■ Work order ■
Everything in the data below except the pictures must be repeated word for word.

■ Given data ■
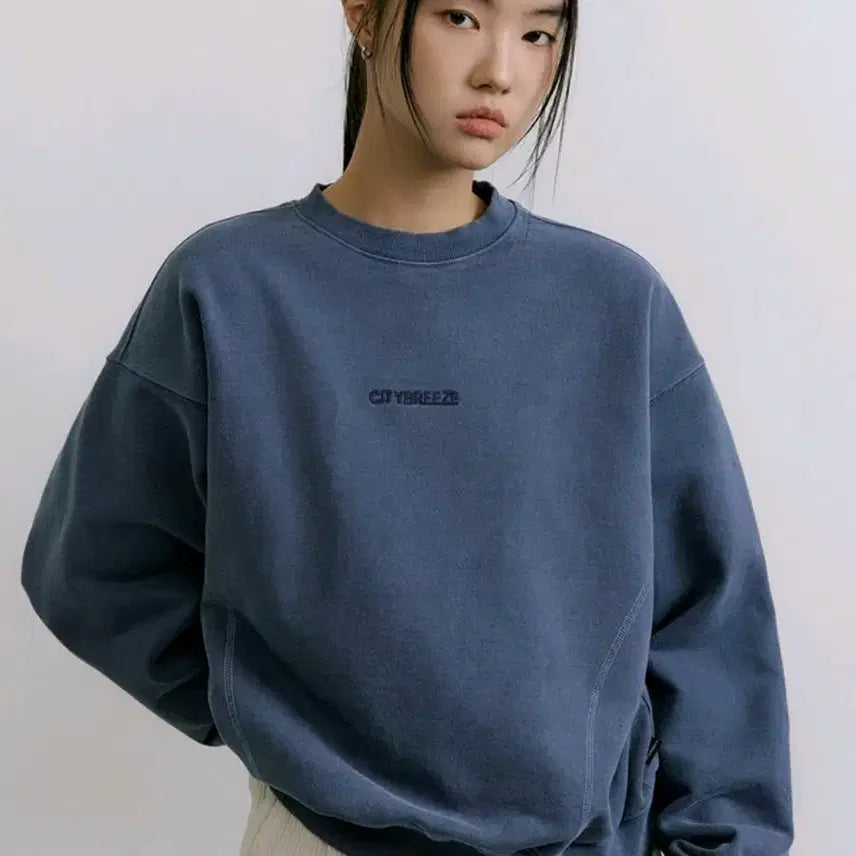 [BUNJANG] CITYBREEZE Pigment Sweatshirt / 시티브리즈 피그먼트 맨투맨 새상품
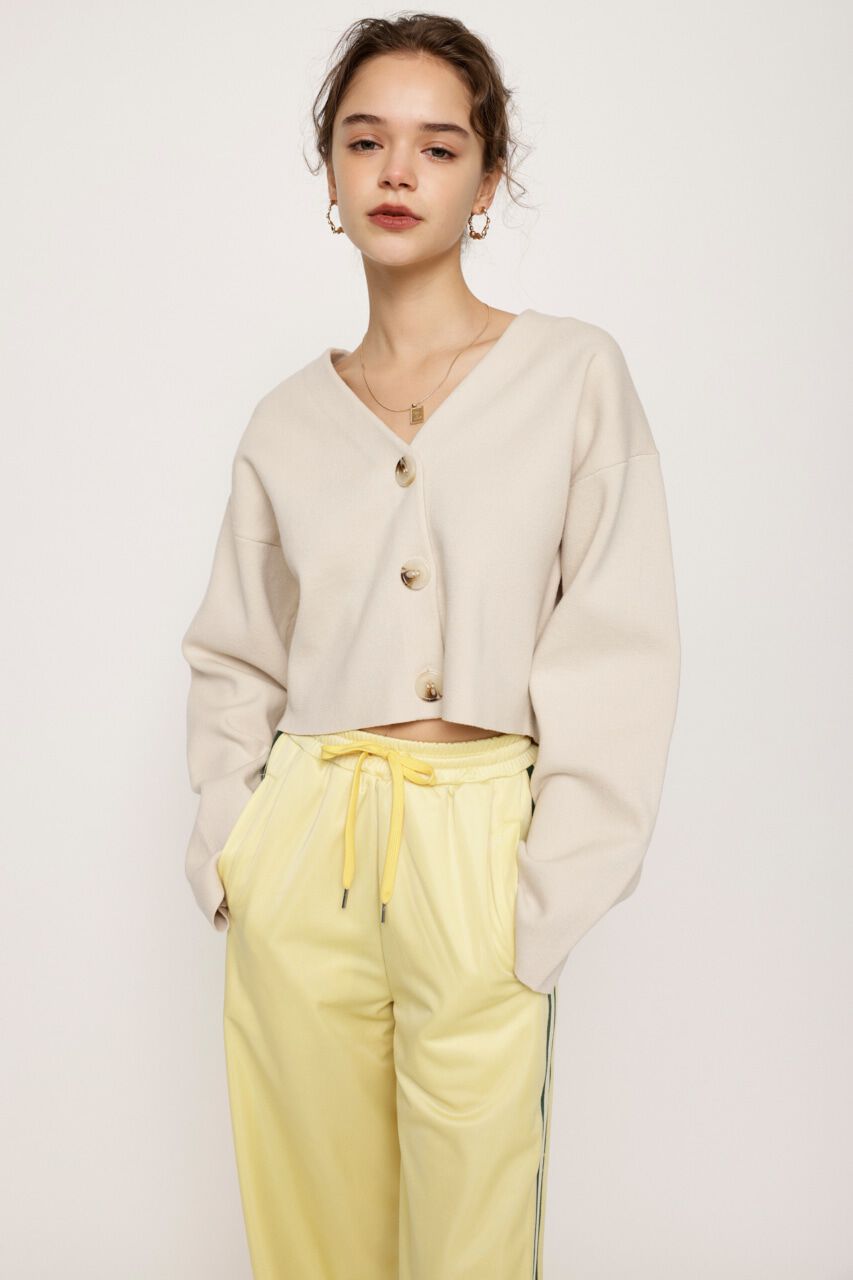 SLY「MILANO RIB CROP カーディガン」|カーディガン|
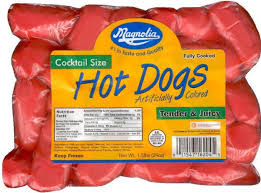 Magnolia Cheddar Cocktail Size Hot dogs 1 lb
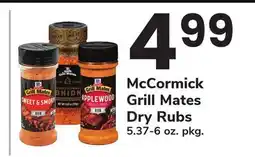 ACME McCormick Grill Mates Dry Rubs offer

■ Task output ■
 [BUNJANG] CITYBREEZE Pigment Sweatshirt / 시티브리즈 피그먼트 맨투맨 새상품
 SLY「MILANO RIB CROP カーディガン」|カーディガン|
 Magnolia Cheddar Cocktail Size Hot dogs 1 lb
 ACME McCormick Grill Mates Dry Rubs offer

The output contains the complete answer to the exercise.